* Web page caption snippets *
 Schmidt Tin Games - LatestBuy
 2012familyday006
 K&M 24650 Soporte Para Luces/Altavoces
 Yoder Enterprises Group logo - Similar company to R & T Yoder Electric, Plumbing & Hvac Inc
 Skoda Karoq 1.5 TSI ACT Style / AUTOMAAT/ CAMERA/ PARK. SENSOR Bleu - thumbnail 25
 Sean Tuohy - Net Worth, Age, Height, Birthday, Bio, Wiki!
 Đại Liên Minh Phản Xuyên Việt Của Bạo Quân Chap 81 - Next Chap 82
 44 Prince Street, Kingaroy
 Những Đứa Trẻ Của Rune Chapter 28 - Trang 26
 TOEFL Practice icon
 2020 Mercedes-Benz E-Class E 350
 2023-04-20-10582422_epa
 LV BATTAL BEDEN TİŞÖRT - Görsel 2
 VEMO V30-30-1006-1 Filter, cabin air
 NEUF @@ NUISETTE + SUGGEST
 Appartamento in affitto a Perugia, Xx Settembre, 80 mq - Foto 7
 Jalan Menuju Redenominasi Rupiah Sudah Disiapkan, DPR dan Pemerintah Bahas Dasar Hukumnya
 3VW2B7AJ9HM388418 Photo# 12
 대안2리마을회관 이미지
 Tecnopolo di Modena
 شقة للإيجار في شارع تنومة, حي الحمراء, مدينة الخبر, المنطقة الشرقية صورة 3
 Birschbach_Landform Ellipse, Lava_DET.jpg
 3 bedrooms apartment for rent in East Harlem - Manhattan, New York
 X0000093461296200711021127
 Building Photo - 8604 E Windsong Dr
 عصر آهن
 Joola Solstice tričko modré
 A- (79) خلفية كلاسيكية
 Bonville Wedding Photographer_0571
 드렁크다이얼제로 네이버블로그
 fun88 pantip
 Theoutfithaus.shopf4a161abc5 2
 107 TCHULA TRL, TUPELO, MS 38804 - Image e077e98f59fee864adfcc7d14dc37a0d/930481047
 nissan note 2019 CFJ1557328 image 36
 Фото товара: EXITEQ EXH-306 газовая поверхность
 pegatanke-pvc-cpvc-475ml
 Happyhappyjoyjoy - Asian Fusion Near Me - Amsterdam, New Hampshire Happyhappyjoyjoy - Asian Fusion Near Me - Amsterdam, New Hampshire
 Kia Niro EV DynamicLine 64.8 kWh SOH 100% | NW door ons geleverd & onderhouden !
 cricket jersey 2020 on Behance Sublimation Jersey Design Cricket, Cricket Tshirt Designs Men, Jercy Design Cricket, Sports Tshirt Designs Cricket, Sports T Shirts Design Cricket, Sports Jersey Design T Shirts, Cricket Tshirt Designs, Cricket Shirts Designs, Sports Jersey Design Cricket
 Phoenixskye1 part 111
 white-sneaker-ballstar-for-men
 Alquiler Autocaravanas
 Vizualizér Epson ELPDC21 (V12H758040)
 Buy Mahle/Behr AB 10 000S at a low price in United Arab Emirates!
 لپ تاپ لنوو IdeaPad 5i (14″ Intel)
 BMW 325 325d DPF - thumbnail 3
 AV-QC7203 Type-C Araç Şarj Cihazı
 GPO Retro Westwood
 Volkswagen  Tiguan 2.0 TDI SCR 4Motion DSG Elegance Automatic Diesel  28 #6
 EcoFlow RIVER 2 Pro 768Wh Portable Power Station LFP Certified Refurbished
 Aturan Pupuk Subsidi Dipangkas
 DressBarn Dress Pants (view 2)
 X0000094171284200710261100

* What to do *
Take the records and restate them word for word.

* Solution *
 Schmidt Tin Games - LatestBuy
 2012familyday006
 K&M 24650 Soporte Para Luces/Altavoces
 Yoder Enterprises Group logo - Similar company to R & T Yoder Electric, Plumbing & Hvac Inc
 Skoda Karoq 1.5 TSI ACT Style / AUTOMAAT/ CAMERA/ PARK. SENSOR Bleu - thumbnail 25
 Sean Tuohy - Net Worth, Age, Height, Birthday, Bio, Wiki!
 Đại Liên Minh Phản Xuyên Việt Của Bạo Quân Chap 81 - Next Chap 82
 44 Prince Street, Kingaroy
 Những Đứa Trẻ Của Rune Chapter 28 - Trang 26
 TOEFL Practice icon
 2020 Mercedes-Benz E-Class E 350
 2023-04-20-10582422_epa
 LV BATTAL BEDEN TİŞÖRT - Görsel 2
 VEMO V30-30-1006-1 Filter, cabin air
 NEUF @@ NUISETTE + SUGGEST
 Appartamento in affitto a Perugia, Xx Settembre, 80 mq - Foto 7
 Jalan Menuju Redenominasi Rupiah Sudah Disiapkan, DPR dan Pemerintah Bahas Dasar Hukumnya
 3VW2B7AJ9HM388418 Photo# 12
 대안2리마을회관 이미지
 Tecnopolo di Modena
 شقة للإيجار في شارع تنومة, حي الحمراء, مدينة الخبر, المنطقة الشرقية صورة 3
 Birschbach_Landform Ellipse, Lava_DET.jpg
 3 bedrooms apartment for rent in East Harlem - Manhattan, New York
 X0000093461296200711021127
 Building Photo - 8604 E Windsong Dr
 عصر آهن
 Joola Solstice tričko modré
 A- (79) خلفية كلاسيكية
 Bonville Wedding Photographer_0571
 드렁크다이얼제로 네이버블로그
 fun88 pantip
 Theoutfithaus.shopf4a161abc5 2
 107 TCHULA TRL, TUPELO, MS 38804 - Image e077e98f59fee864adfcc7d14dc37a0d/930481047
 nissan note 2019 CFJ1557328 image 36
 Фото товара: EXITEQ EXH-306 газовая поверхность
 pegatanke-pvc-cpvc-475ml
 Happyhappyjoyjoy - Asian Fusion Near Me - Amsterdam, New Hampshire Happyhappyjoyjoy - Asian Fusion Near Me - Amsterdam, New Hampshire
 Kia Niro EV DynamicLine 64.8 kWh SOH 100% | NW door ons geleverd & onderhouden !
 cricket jersey 2020 on Behance Sublimation Jersey Design Cricket, Cricket Tshirt Designs Men, Jercy Design Cricket, Sports Tshirt Designs Cricket, Sports T Shirts Design Cricket, Sports Jersey Design T Shirts, Cricket Tshirt Designs, Cricket Shirts Designs, Sports Jersey Design Cricket
 Phoenixskye1 part 111
 white-sneaker-ballstar-for-men
 Alquiler Autocaravanas
 Vizualizér Epson ELPDC21 (V12H758040)
 Buy Mahle/Behr AB 10 000S at a low price in United Arab Emirates!
 لپ تاپ لنوو IdeaPad 5i (14″ Intel)
 BMW 325 325d DPF - thumbnail 3
 AV-QC7203 Type-C Araç Şarj Cihazı
 GPO Retro Westwood
 Volkswagen  Tiguan 2.0 TDI SCR 4Motion DSG Elegance Automatic Diesel  28 #6
 EcoFlow RIVER 2 Pro 768Wh Portable Power Station LFP Certified Refurbished
 Aturan Pupuk Subsidi Dipangkas
 DressBarn Dress Pants (view 2)
 X0000094171284200710261100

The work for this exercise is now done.